Box-Cox Transformation

July 2016

(Note: all the previous SPC Knowledge Base in the basic statistics category are listed on the right-hand side. Select this link for information on the SPC for Excel software.)

You have just completed a production run for a new product for a potential customer. You have to calculate the process capability (Cpk) for that production run. You enter your data into your software program that quickly generates all sorts of charts for you to look at. A control chart on the production run shows that the process is stable (no out of control points). Things look good so far.

You glance at the histogram of the data. Hmm. It looks a little skewed – a long tail towards the left. Maybe it is close enough to consider the data normal. You move to the normal probability plot. Oh no! The p-value is less than 0.05. It looks like your data may not be normal!

It makes some sense to you. The process has a lower bound of zero. The histogram shows skewed data. The points on the normal probability plot do not lie along the straight line. Yes, you have non-normal data.

But your customer wants that Cpk value – and that calculation requires the data to be normally distributed. Now what do you do? The month’s publication introduces a technique called the Box-Cox transformation. This technique attempts to transform your data in a way that the transformed values are normally distributed. If it is successful, you can then calculate your Cpk value.

In this issue:

Introduction
Modified Box-Cox Transformation
Example Background Information
Box-Cox Transformation Calculations
Box-Cox Chart
Checking the Box-Cox Transformation
Process Capability Impact
Minimize the Standard Deviation
Summary
Quick Links

Please feel free to leave a comment at the end of this publication. You may also download a pdf copy of this publication at this link.

Introduction

Some statistical tests are based on the assumption that your data are normally distributed. The process capability calculation involving Cpk is one of these. Sometimes, if your raw data are not normally distributed, you can transform the data to “make” the transformed values normally distributed. Then you can apply those tests that require a normal distribution.

When you transform a data set, you perform the same mathematical operation on each data point in the set. The Box-Cox transformation is power transformation that is defined by Y^λ, where Y represents the data and λ is the “power” to which each data value is raised. It was introduced in 1964 by George Box and David Cox. The original form of the transformation was:

Y(λ) = (Y^λ– 1)/λ when λ ≠ 0

Y(λ) = log(Y) when λ = 0

Sometimes (not always), this transformation will generate values that are normally distributed.

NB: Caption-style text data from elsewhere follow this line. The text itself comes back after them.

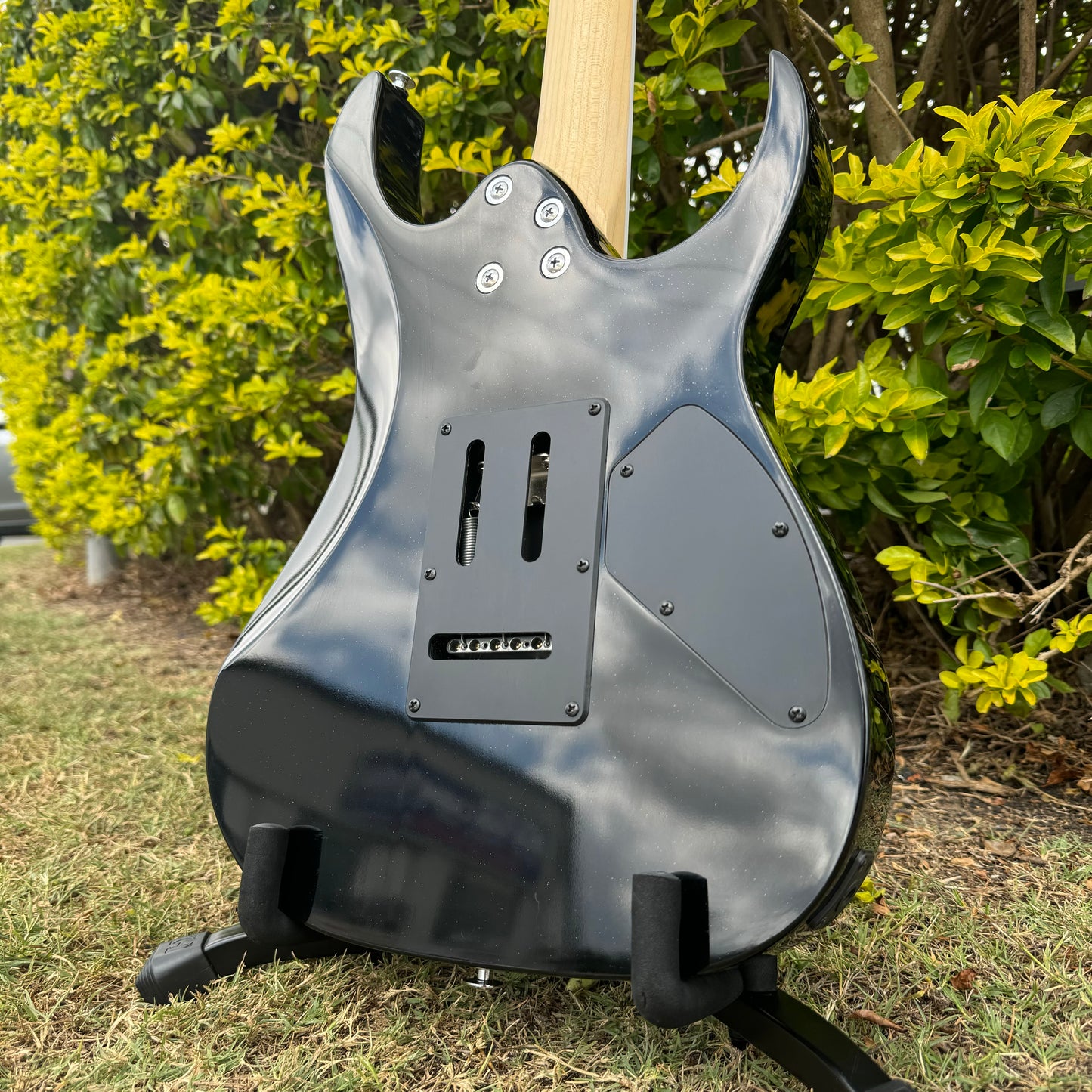 Ibanez Gio GRG170DXL (Left-Handed)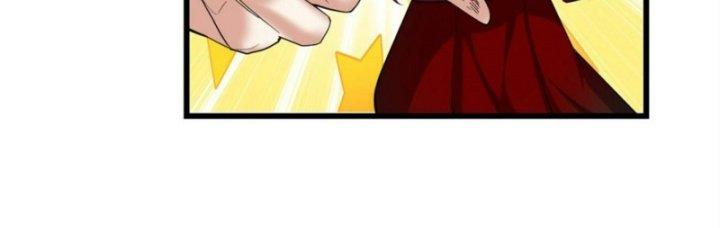 Ta Tu Có Lẽ Là Giả Tiên chapter 309 35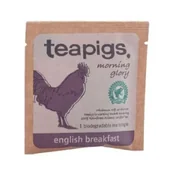 Herbata - teapigs English Breakfast Herbata czarna koperta - miniaturka - grafika 1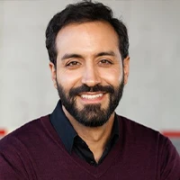 Actors Single actor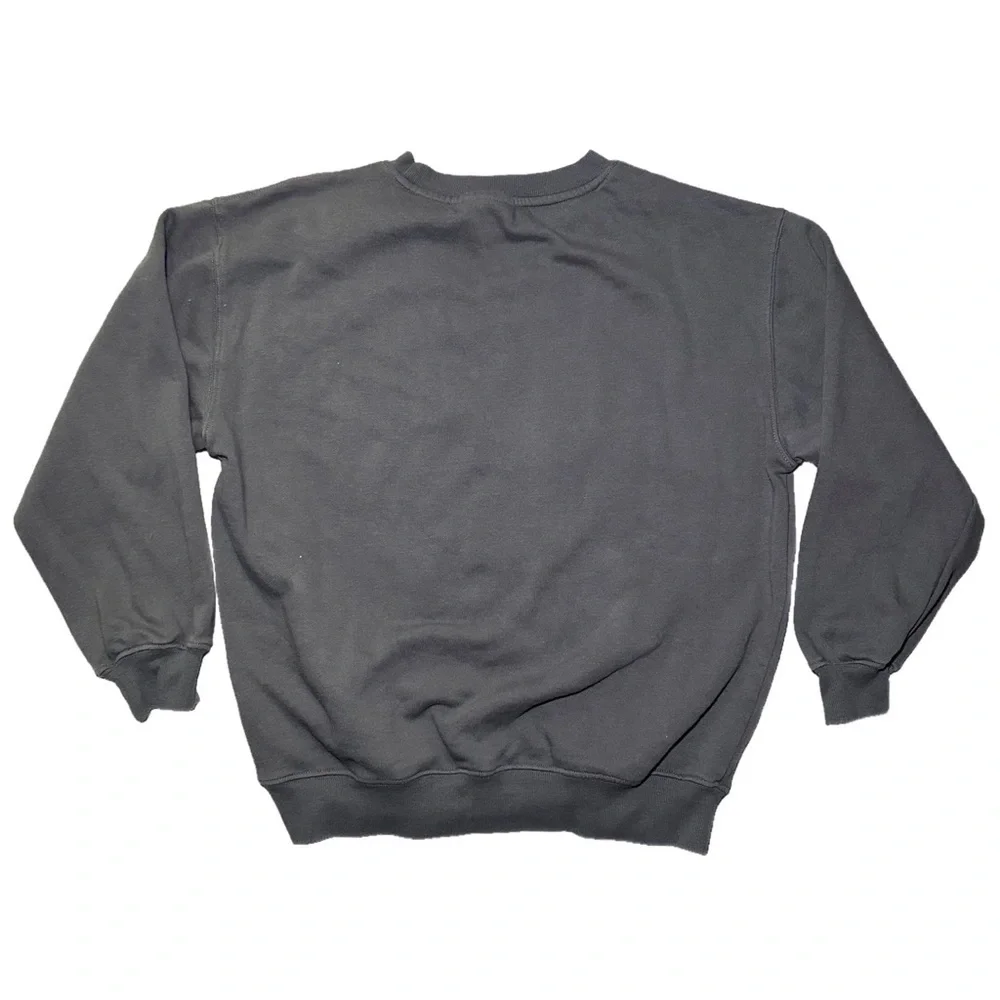 Star Wars Grogu Pullover Sweater SM - Picture 2 of 3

The transformation examines values of λ between -5 and 5 to determine which value of λ fits the data best – in terms of making the transformed values normally distributed. Some common values of the λ are shown in Table 1 along with the transformation.

Table 1: Values of λ and the Box-Cox Transformation

λ	Transformation
-2	Y’= 1/Y²
-1	Y’ = 1/Y
-0.5	Y’ = 1/SQRT(Y)
0	Y’ = LOG(Y)
0.5	Y’ = SQRT(Y)
1	Y’ = Y
2	Y’ = Y²

For example, if λ = 2, then the data are transformed by multiplying each data point by itself (Y²).

Modified Box-Cox Transformation

The original Box-Cox transformation has been modified over the years. Suppose you have a data set consisting of n values of Y. For this publication, we will use the transformation that includes the geometric mean as shown below.

Y(λ) = (Y^λ– 1)/(λGM^λ-1) when λ ≠ 0

Y(λ) = GM(ln(Y)) when λ = 0

GM=(Y₁Y₂Y₃…..Y_n)^1/n

where GM is the geometric mean of the n Y values. The geometric mean is used as a scaling factor in this modified transformation. The example below shows how the Box-Cox transformation is done.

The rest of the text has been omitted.